(Saved data entries)
--

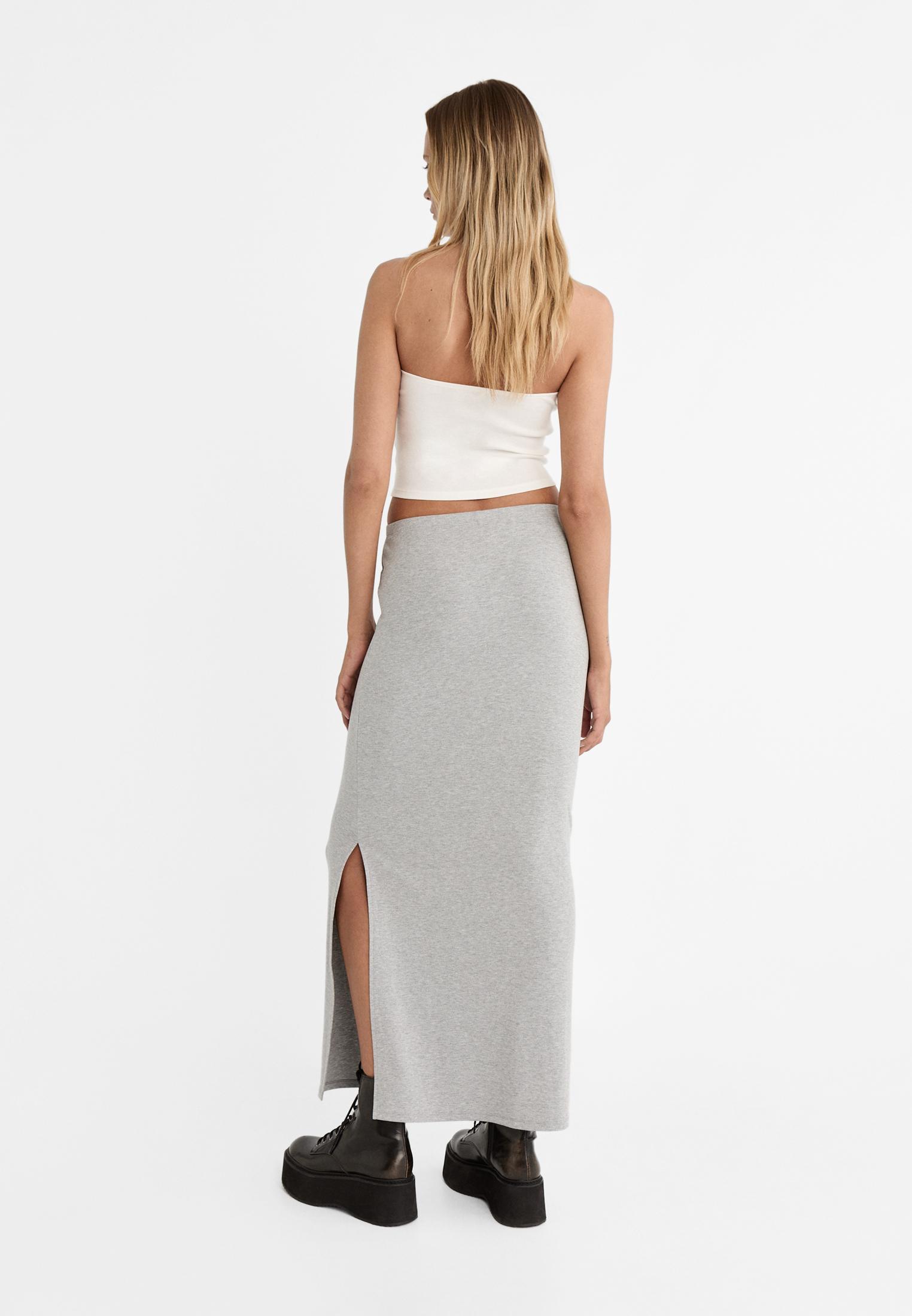 Long skirt with fold over waist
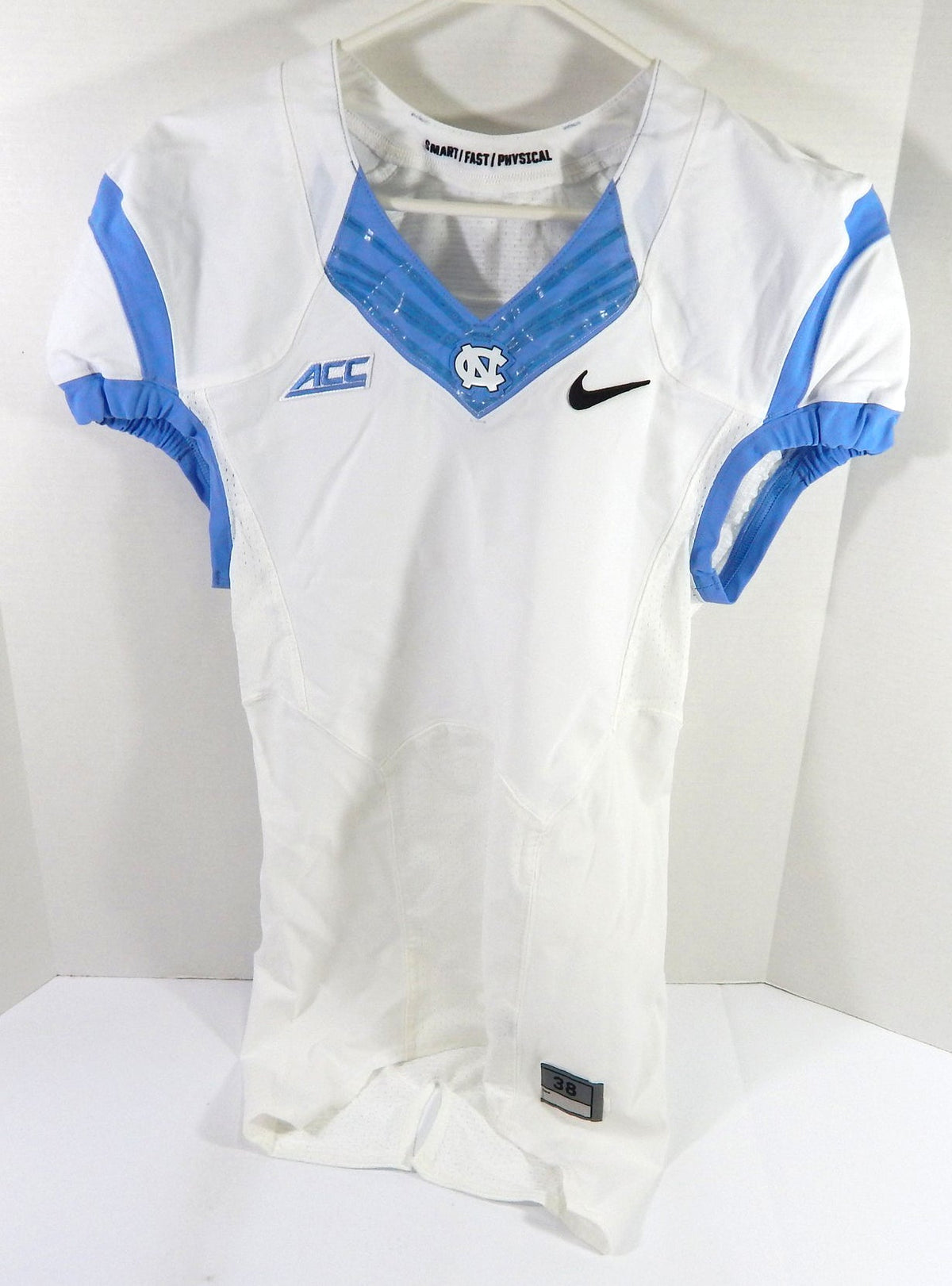 2014 North Carolina Tar Heels UNC Blank Game Issued White Jersey 38 DP54516 - DP54516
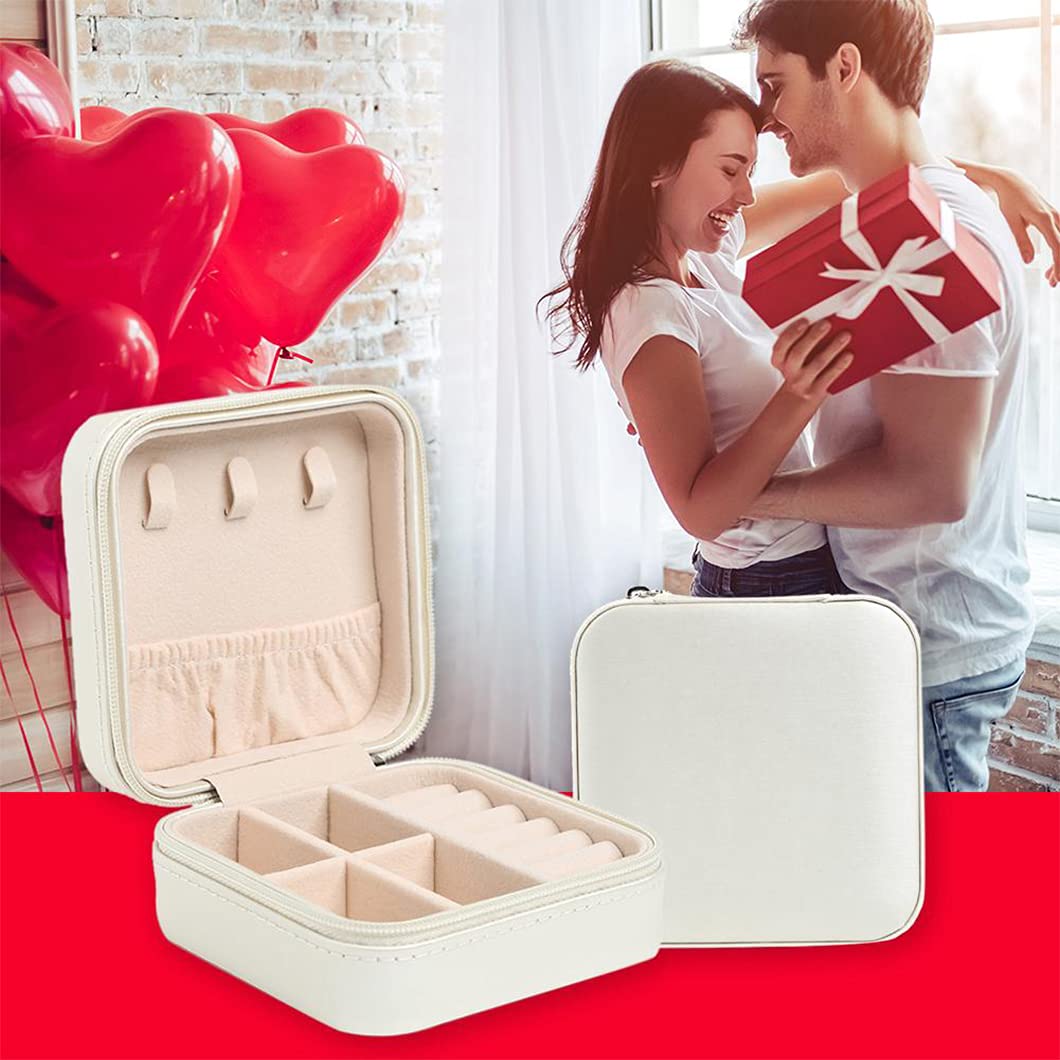 Rolin Roly PU LeatherJewelry Box Small Portable Travel Case with Zipper Withe Organizer Display Storage Holder for Women Rings Earrings Necklaces Bracelets Pendants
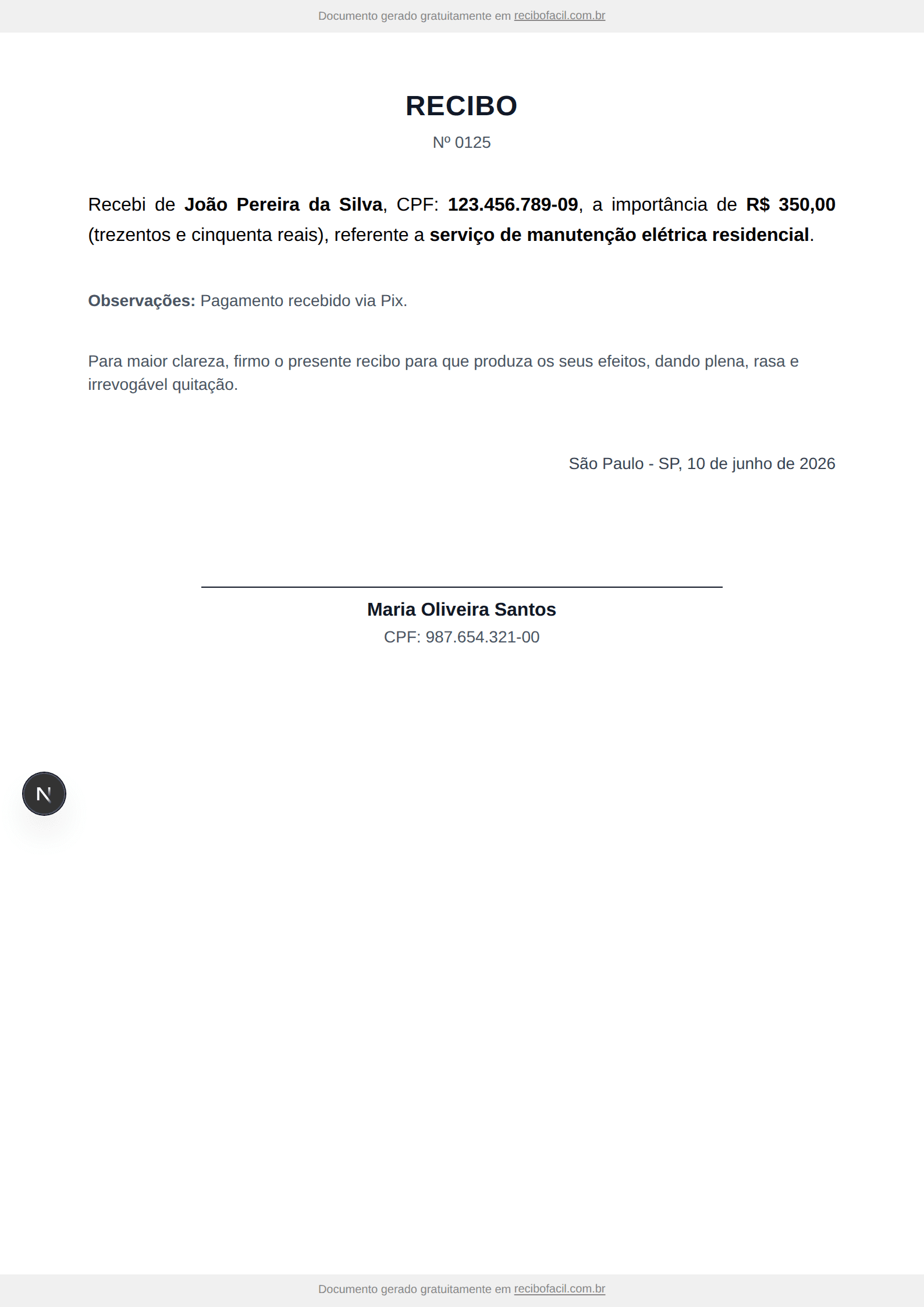 Modelo de recibo simples preenchido, em PDF — exemplo de recebimento de pagamento com pagador, recebedor, valor por extenso, data e assinatura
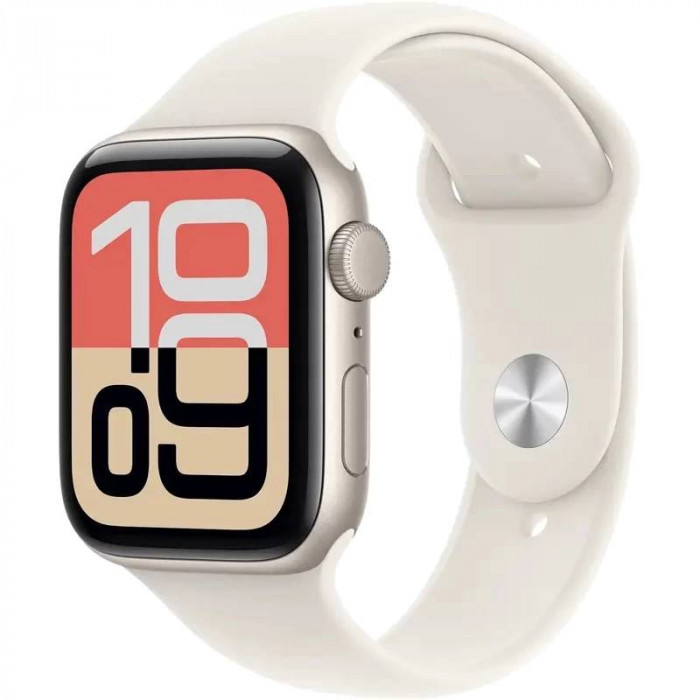 Apple Watch SE 3 (2025) 44mm, Starlight Aluminum, Starlight Sport Band, S/M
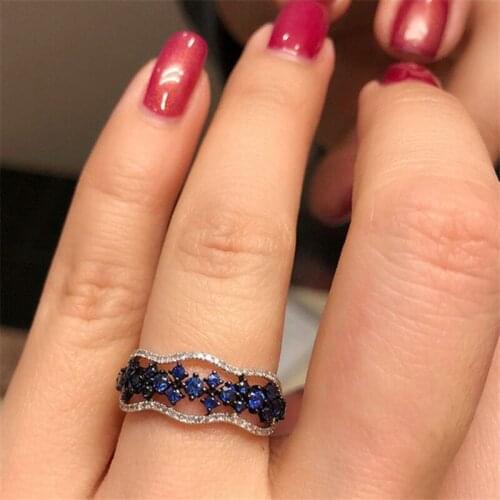 Popular Fashion Crystal Geometric Blue Wedding Ring For Women Party Engagement Famale Rings Jewelry Hand Accessories Size 5-12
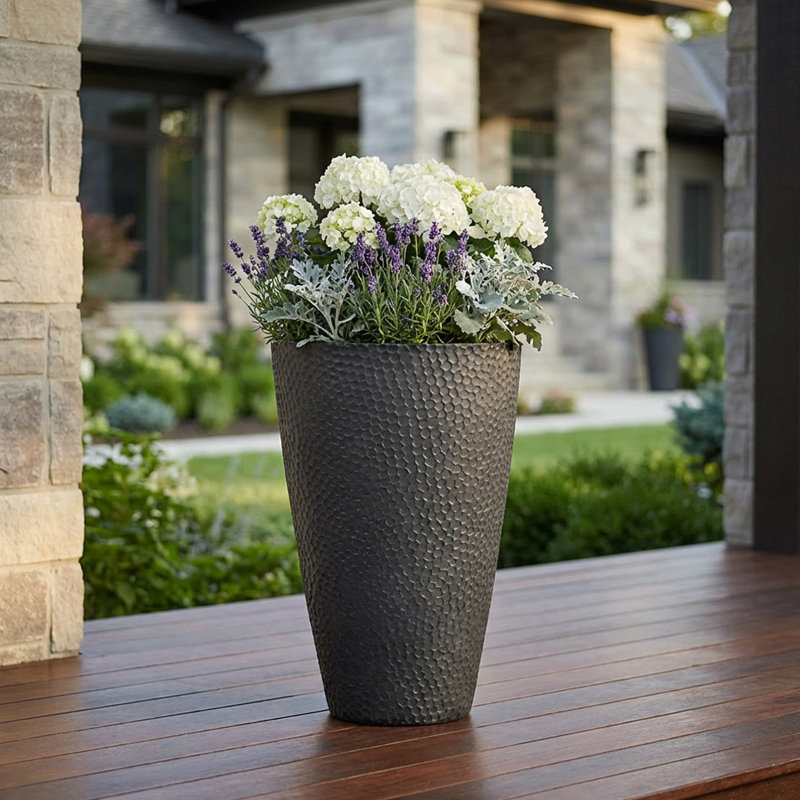 Cara Composite Hammer Texture Pot Planter, Gray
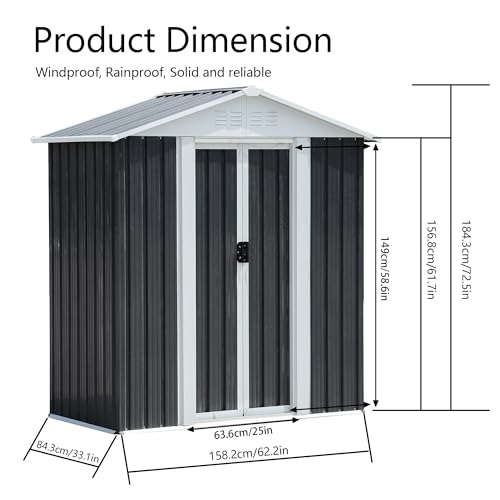 5x3 FT Outdoor Storage Shed (5x3 FT/Base Frame / Gray)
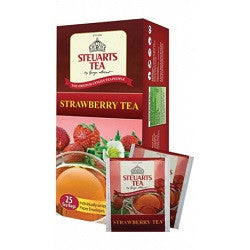 Steuarts Strawberry Flavoured Ceylon Black Tea, 25 Count Tea Bags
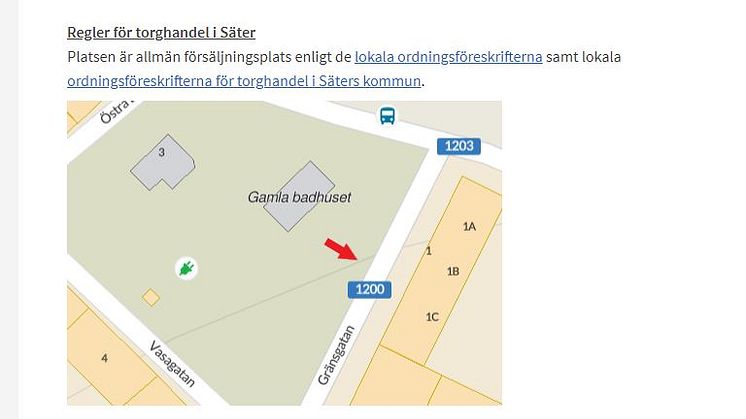 Karta över Salutorget/Gränsgatan där torghandelsplatserna finns.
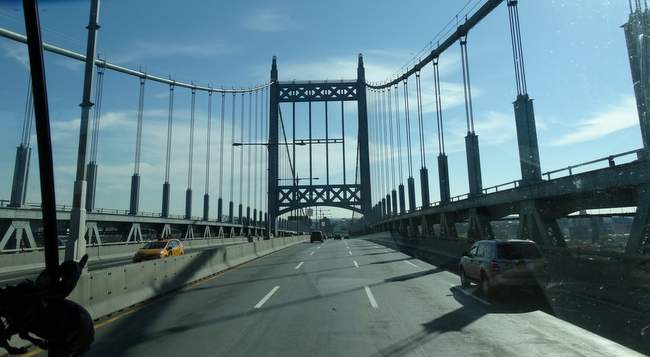We crossed a toll bridge and found out at that toll station that they don't take credit cards. We had no cash, so they gave us a bill we can pay online.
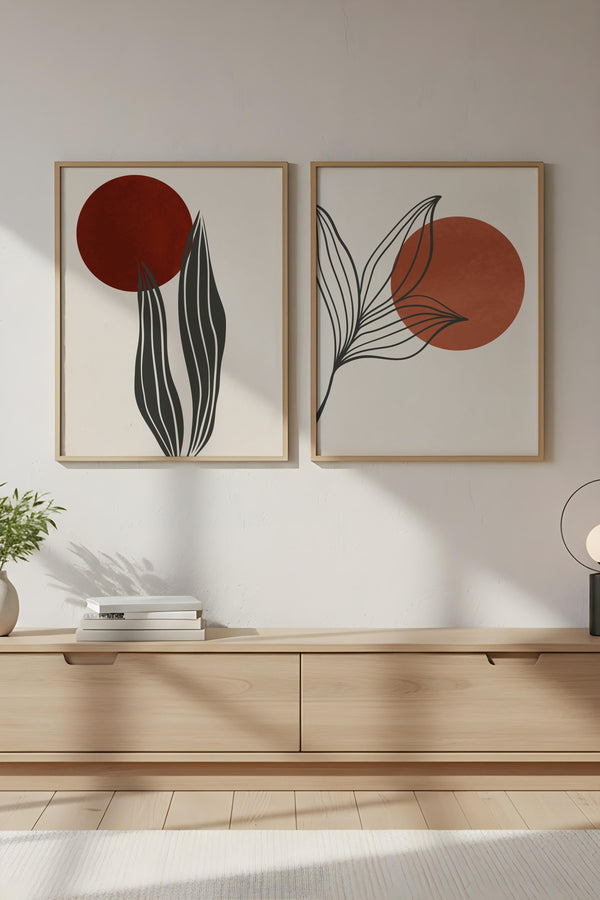 Soyut Desenli Modern Tablo Seti - 2’li Set | huhu84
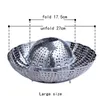 Double chaudière de cuisine, plat pliant, cuiseur à vapeur, panier de fruits, cuiseur de légumes en maille extensible en acier inoxydable avec trépied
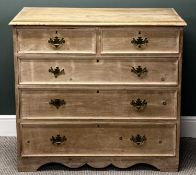 STRIPPED PINE CHEST of two short and three long drawers, brass drop handles and backplates, 97 (h) x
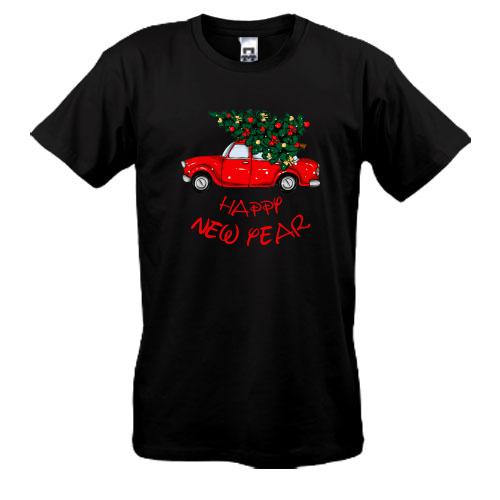 Футболка Happy Ney Year red car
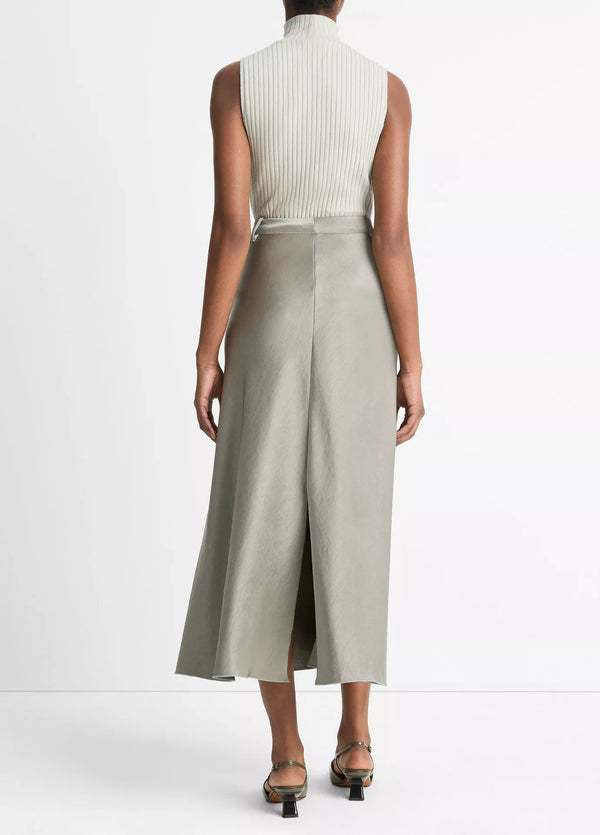 Vince Satin A-Line Skirt Smoky Moss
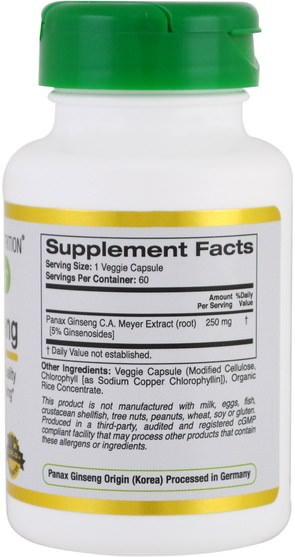 cgn euroherbs，補充劑，adaptogen - California Gold Nutrition, CGN, EuroHerbs, Panax Ginseng Extract, 250 mg, 60 Veggie Caps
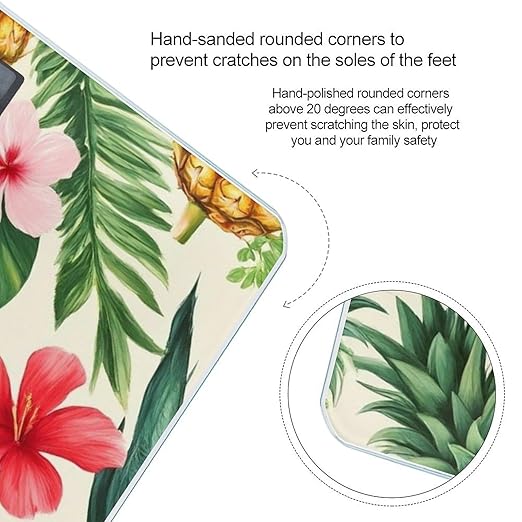 Automatic Switch Digital Bathroom Weighing Scale Smart Scale for Body Weight Tropical Flowers Vintage Pineapple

--

### WHAT YOU ARE ASKED TO DO
Include the first line of the records, the line containing "Rolin Roly PU", and every line between them, repeated exactly. Skip the pictures.

### RESPONSE BOX
 Long skirt with fold over waist
 2014 North Carolina Tar Heels UNC Blank Game Issued White Jersey 38 DP54516 - DP54516
 Rolin Roly PU LeatherJewelry Box Small Portable Travel Case with Zipper Withe Organizer Display Storage Holder for Women Rings Earrings Necklaces Bracelets Pendants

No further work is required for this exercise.